Segment Open
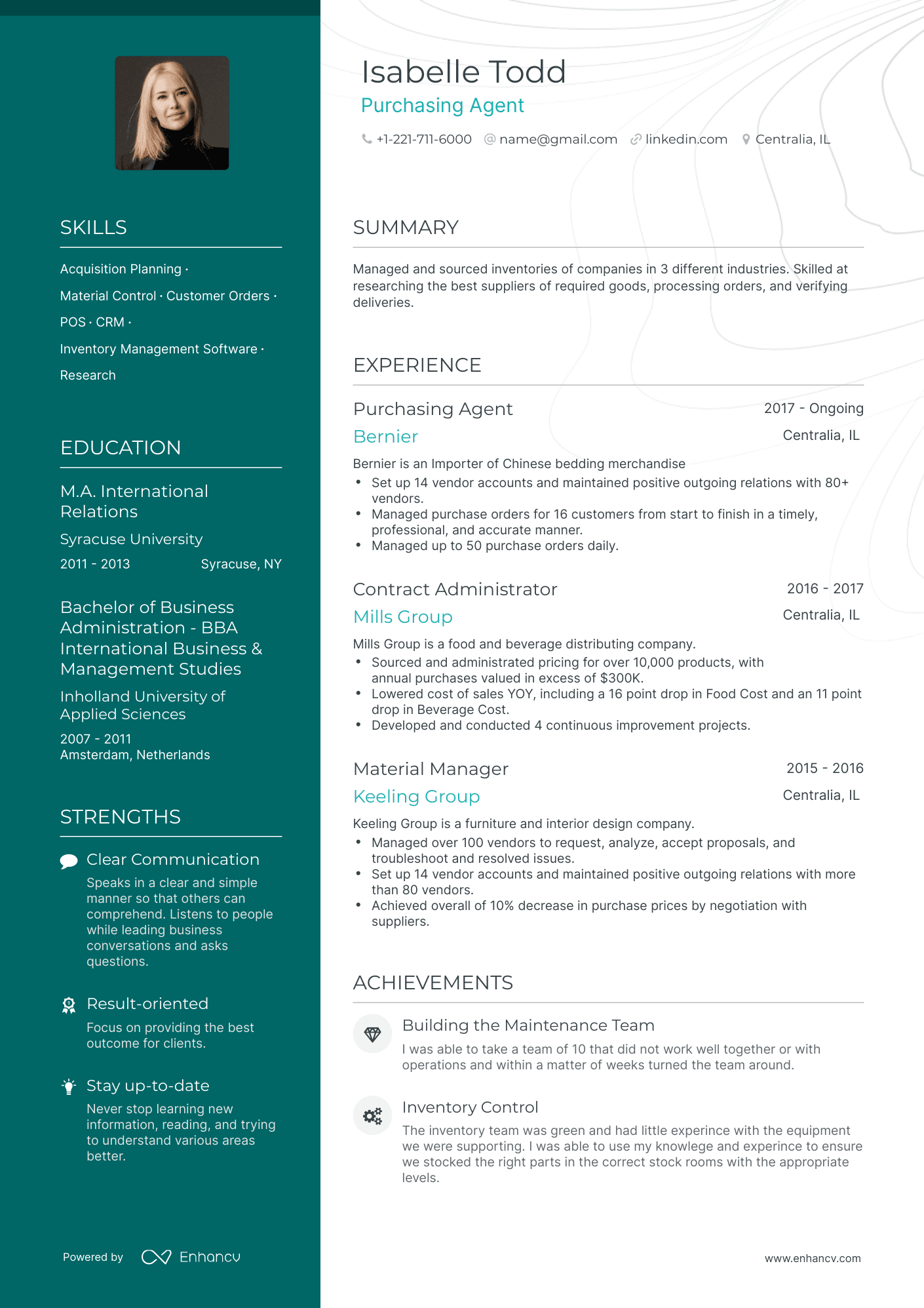 3 Purchase Manager Resume Examples & Guide for 2023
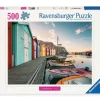 Ravensburger Chalets pour bateaux à Smögen, Suède - puzzle de 500 pièces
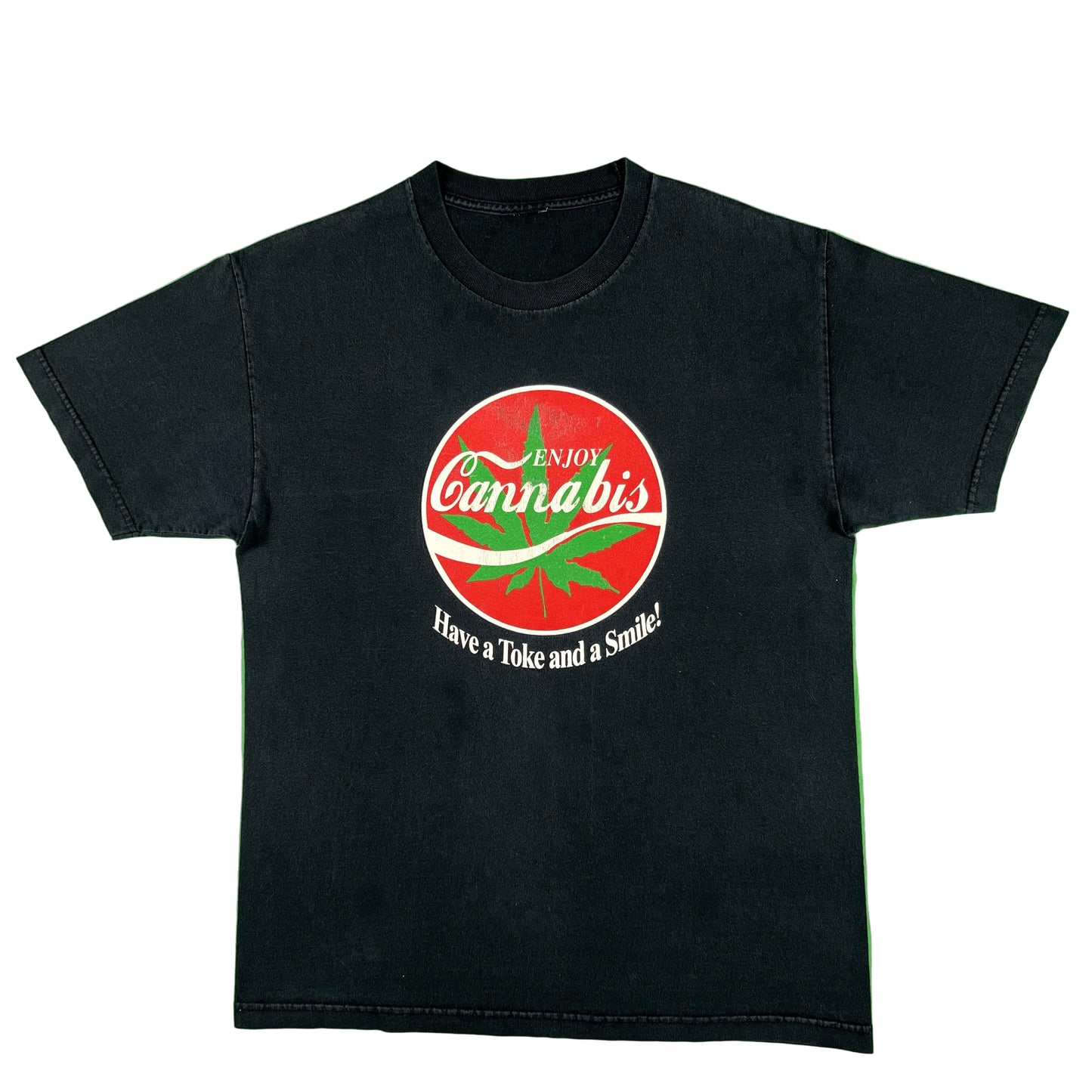 Have a Toke and Smile Cannabis Tee- L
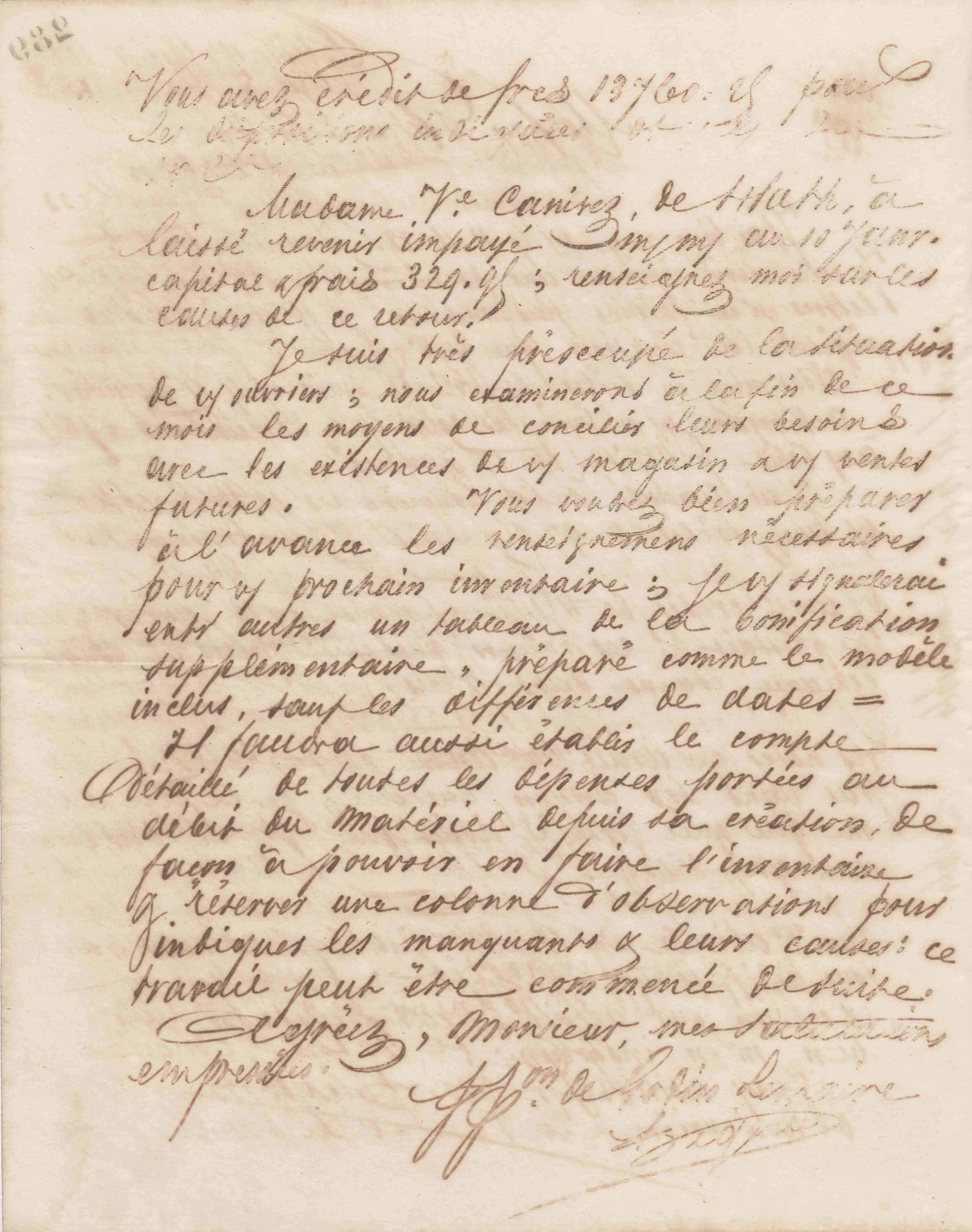 Jean-Baptiste André Godin aux Fonderies et manufactures Godin-Lemaire, 4 février 1863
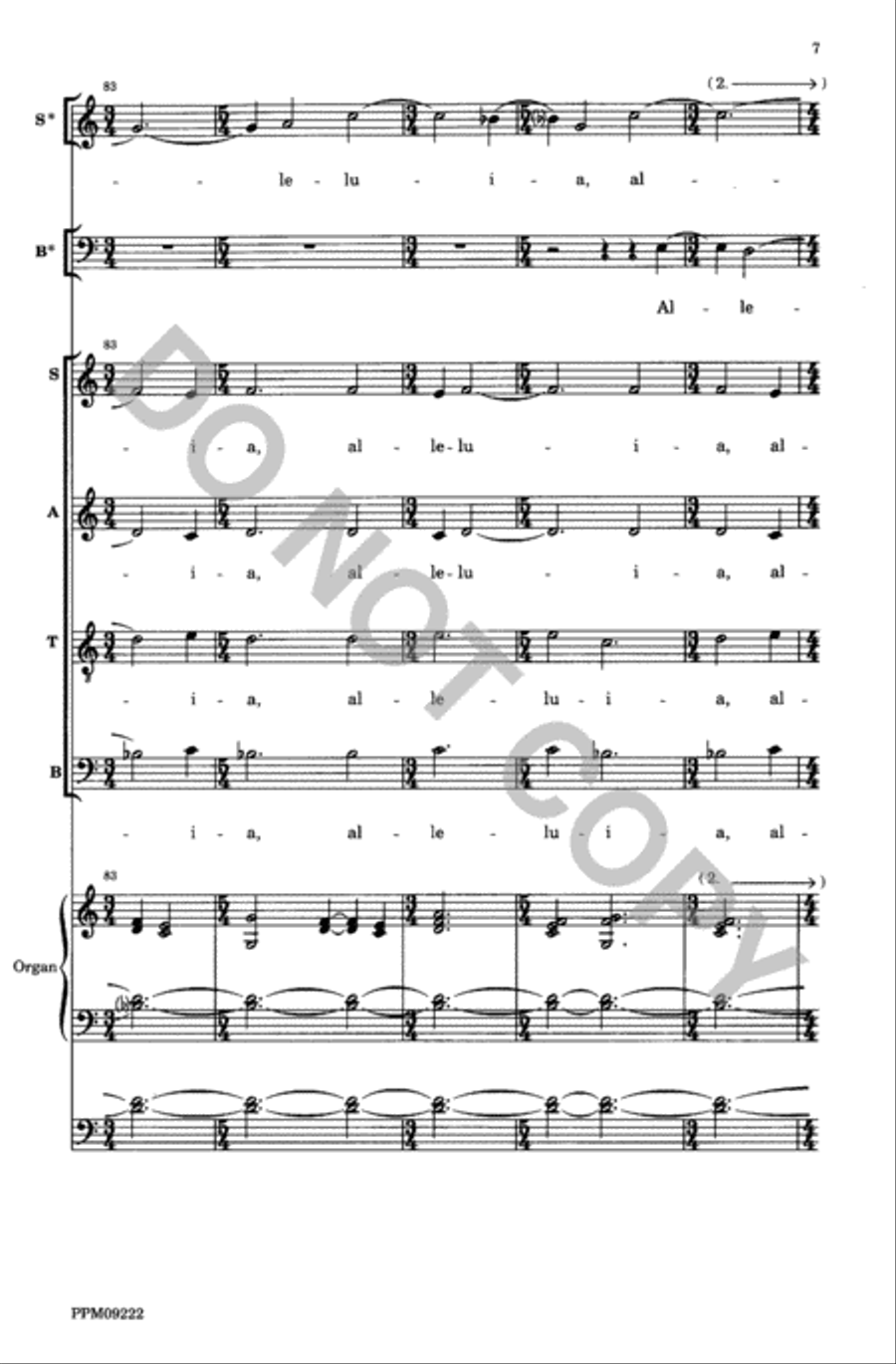 Respond: Caritas Abundat in Omnia 4-Part scores gallery preview page 8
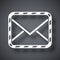 Vector sealed envelope icon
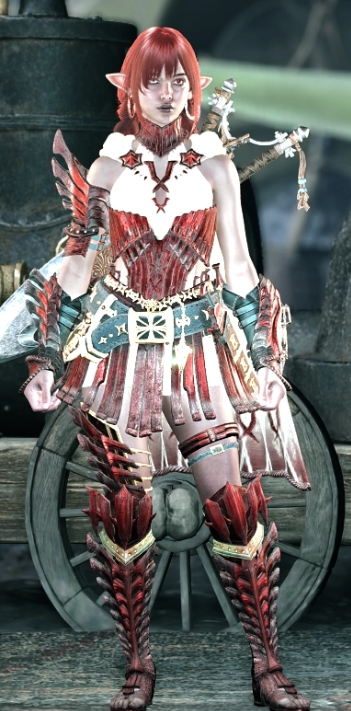 《怪物獵人：荒野》更性感的凍峰龍女款套裝MOD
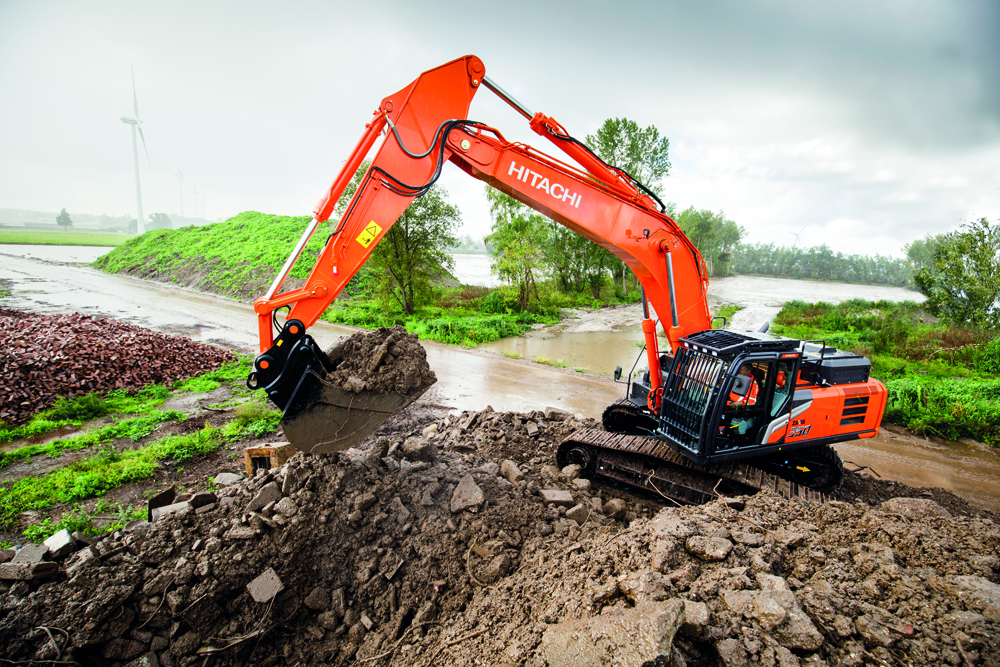 Hitachi’s new generation excavators offer high efficiency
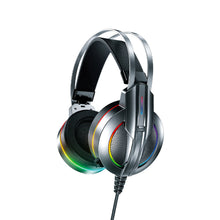 Заредете изображение във визуализатора на галерията – WK Design M9 Gaming Around-Ear Headphones USB Gaming Gray (M9) - TopMag
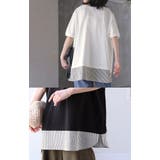Tシャツ 重ね着風 接触冷感 | HUG.U | 詳細画像8 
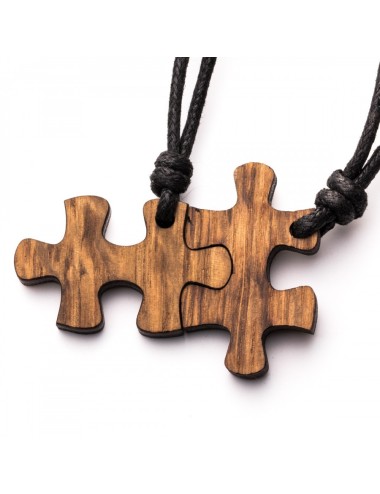 Collier  "Puzzle" pour les amoureux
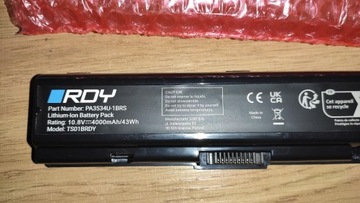 Bateria do laptopów Toshiba 4000mAh litowo-jonowa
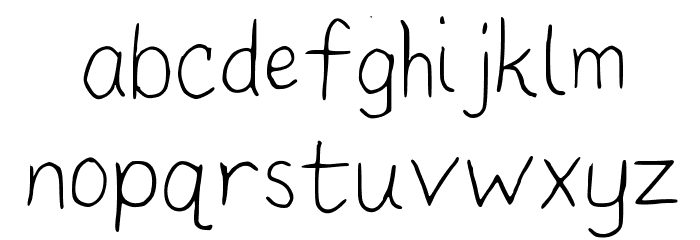 Pupil Light Medium Font LOWERCASE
Segment Closed
The answer must be an exact copy of the lines from the one containing "Respond: Caritas Abundat" through the last line of the records, and nothing else. Pictures do not belong in it.

- _Task answer_:
 Respond: Caritas Abundat in Omnia 4-Part scores gallery preview page 8
 Vector sealed envelope icon
 《怪物獵人：荒野》更性感的凍峰龍女款套裝MOD
 Hitachi’s new generation excavators offer high efficiency
 Заредете изображение във визуализатора на галерията – WK Design M9 Gaming Around-Ear Headphones USB Gaming Gray (M9) - TopMag
Tシャツ 重ね着風 接触冷感 | HUG.U | 詳細画像8 
 Collier  "Puzzle" pour les amoureux
 Bateria do laptopów Toshiba 4000mAh litowo-jonowa
 Pupil Light Medium Font LOWERCASE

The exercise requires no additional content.